Puis ces sectes croyaient en un Dieu bien autrement élevé et intériorisé que le Dieu un peu frustre du Qoran. Les Ismaïliens se rattachaient à Ismaël qui était le fils de Djaafar. La mort prématurée d’ Ismaël jeta le trouble au sein de la communauté. Quelques partisans d’ Ismaël refusèrent de croire à sa mort et pensaient qui reviendrait un jour, fût-ce à la fin des siècles ; tous ceux des Ismaïliens qui ajoutèrent foi à ces propos, déclarèrent qu’il fallait attendre le retour d’Ismaël, et Ismaël ne revenant pas, ils en conclurent qu’il était le messie attendu, le Mahdi et qu’il n’y avait plus d’imam après lui. Les Ismaïliens de toute nuance étaient nombreux. Il y avait à la Mecque, à Medine, en Mésopotamie, en Syrie, et surtout naturellement en Iran puisque c'était une manière de rompre avec la tradition Mohammadienne.

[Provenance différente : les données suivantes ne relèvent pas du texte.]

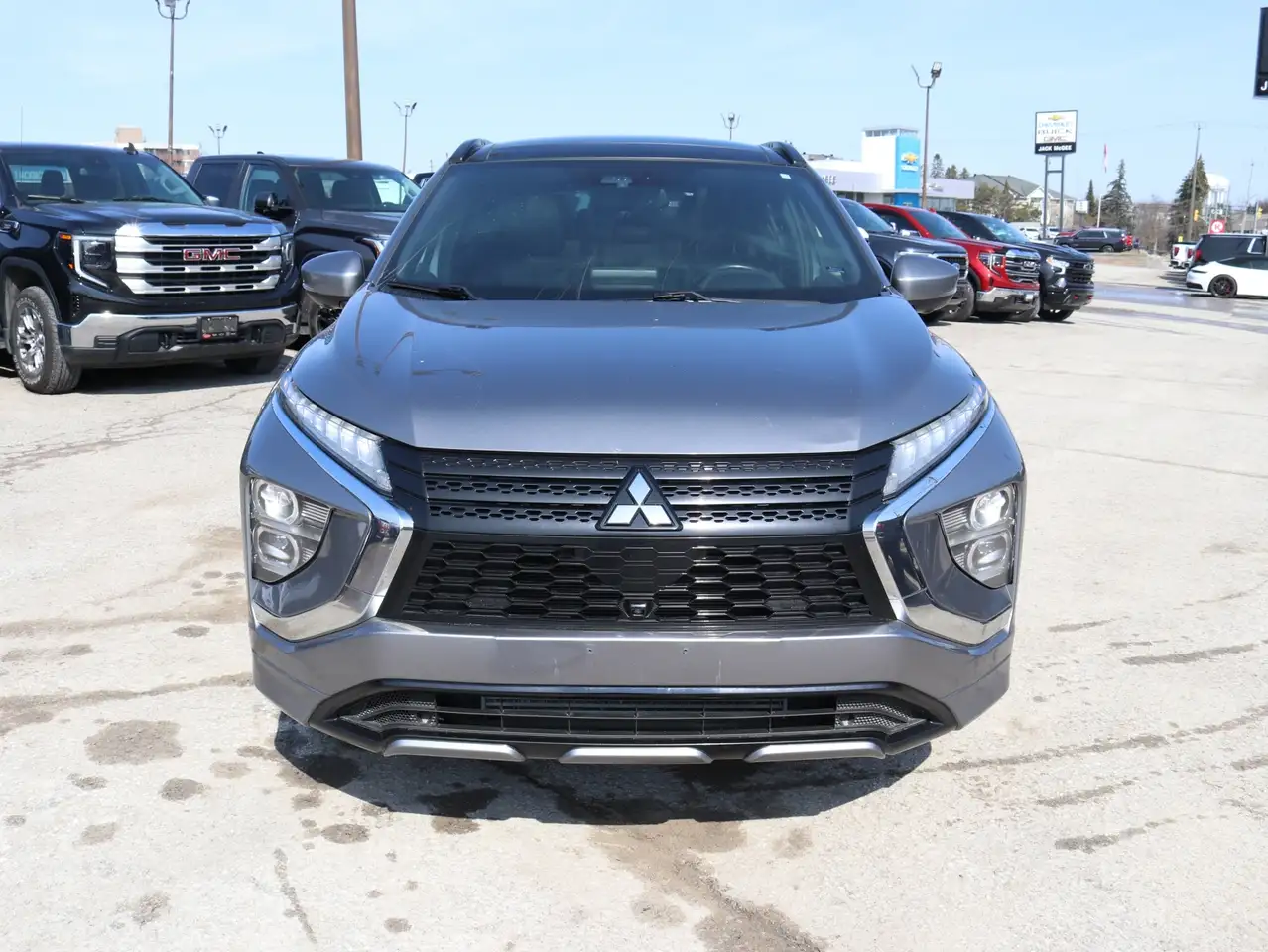 Mitsubishi Eclipse Cross снимка Mitsubishi Eclipse Cross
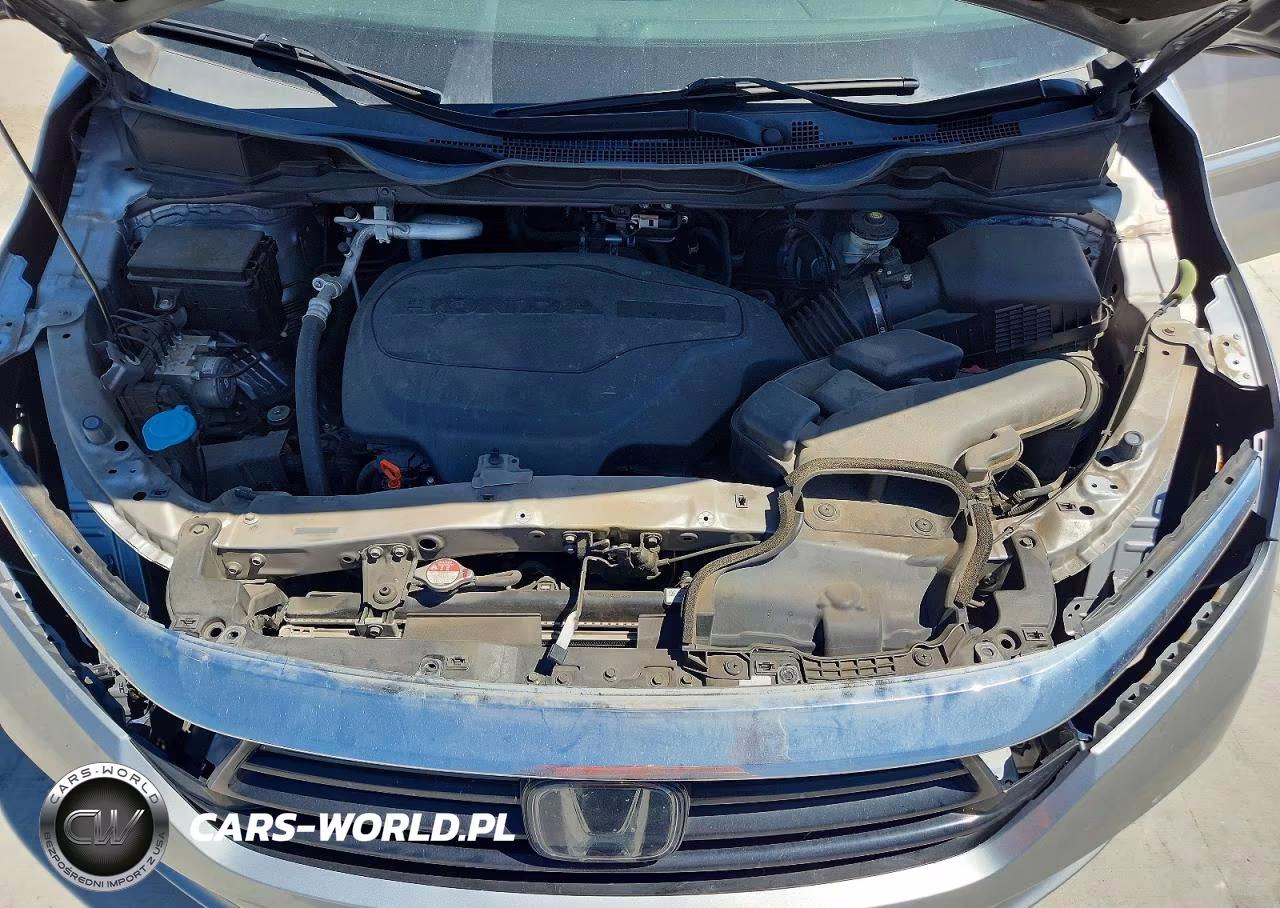 2021 Honda Odyssey Touring VIN:5FNRL6H80MB035303 - 12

A l’initié, l’Ismaïlisme offrait l’attrait et l’exaltation de la connaissance et de l’action secrète. On accédait à la connaissance au moyen de l’interprétation ésotérique  [4]. Un thème commun aux écrits religieux Ismaïliens est la recherche de la Vérité, vaine au début, puis culminant dans un moment d’illumination aveuglante. La religion Ismaïlienne atteint son apogée par la dynastie des Fatimides qui régnèrent en Afrique du Nord et en Egypte pendant deux siècles, de 909 à 1094. C’est à la suite de la mort du dernier calife Fatimide Al-Moustansir [5] que les Ismaïlites se divisent en deux grandes tendances : Les uns partisans de Mustowli  [6], leur Ismaïlisme est parfois appelé « l’ancienne prédication » ; les autres partisans de Nizar [7].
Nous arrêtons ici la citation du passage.